While that particular version never struck me as all that compelling, legend had it that a studio recording existed and that it was amazing. Over the years, talk of a box set featuring that song and all sorts of other wonderful things would come and go. Eventually, fans got the song they wanted (which was called "You Know You're Right," as it turns out) ...
... but instead of being served on a delicious bed of B-sides and rarities like everyone hoped and/or expected, it was tacked onto one of the most questionably track-listed "best of" collections of all-time. Why? Because, like most everything Courtney Love-related, the law got involved. As the story goes, one side wanted to put the song on a box set as planned, the other side wanted to cash in with the greatest hits strategy.
Guess who!
When that box set, With the Lights Out, did finally arrive ... it was kind of a disappointment. Sure, there were some fun things included, like this insane Leadbelly cover about the virtues of not beating your wife on Sunday when there are so many other days in the week you could do it, instead.
There was also plenty of stuff missing, though. A fine example is the unfortunately titled but otherwise pretty great "I Hate Myself and Want to Die," which was going to be the title track of the band's final album, In Utero, but ended up on the The Beavis and Butthead Experience album instead, which is fine, too.
It shows up on the box set, but only in the form of a lesser-quality demo.
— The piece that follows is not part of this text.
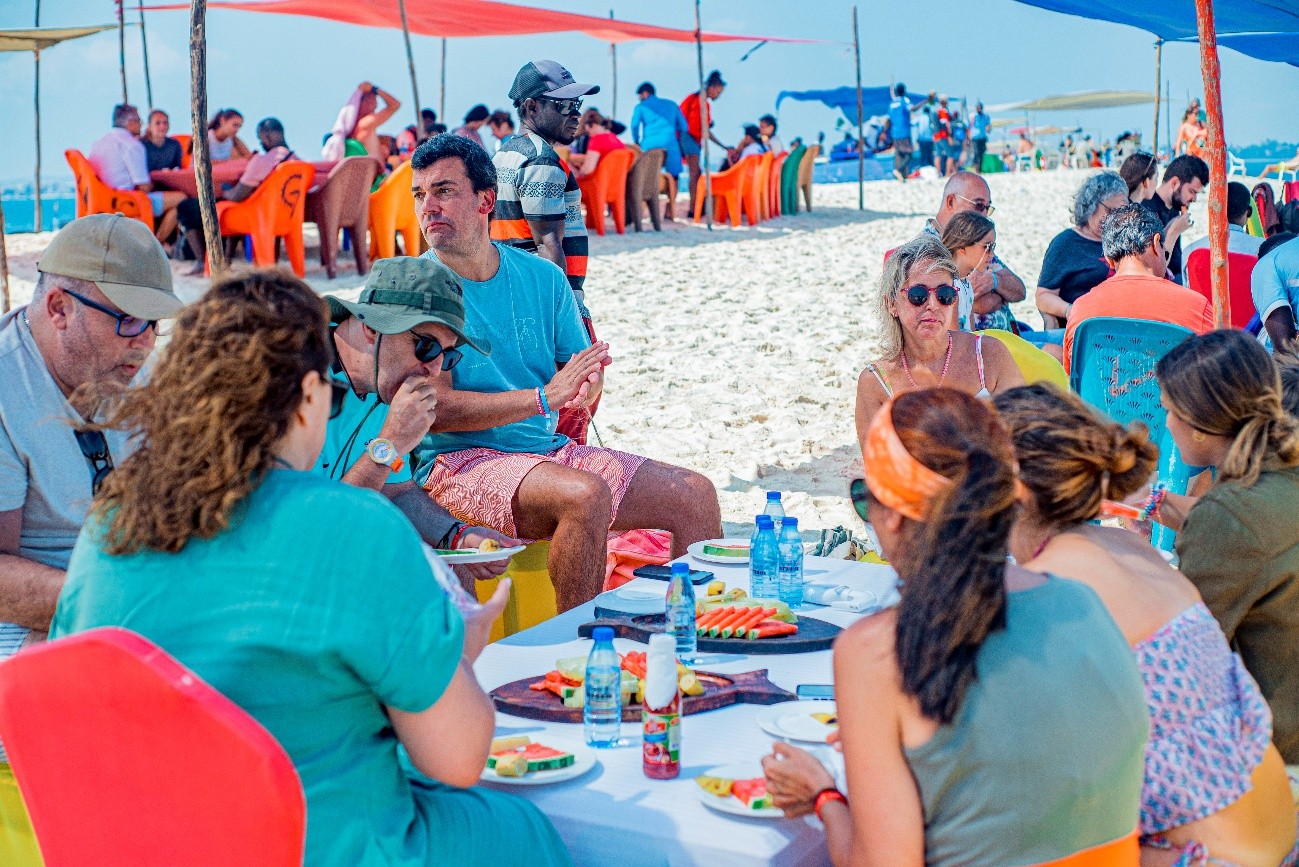 A group of people dining on the beach at Nakupenda Sandbank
Why leave something like that out? Is it because so many fans still have their Beavis and Butthead CDs in the 10-disc car changer? Is it because, by now, every fan must have gotten their hands on the "Pennyroyal Tea" single, which featured "I Hate Myself and Want to Die" as a B-side and was therefore immediately recalled seeing as how it came out a few days after Kurt Cobain died? Probably not, those routinely sell for hundreds online, if you can even find one that's legit. It's not because of any of that. It's so you don't feel swindled when you buy In Utero again, except for $125 this time.
How about that wacky poster!
Teenage angst never stops paying off well, it seems.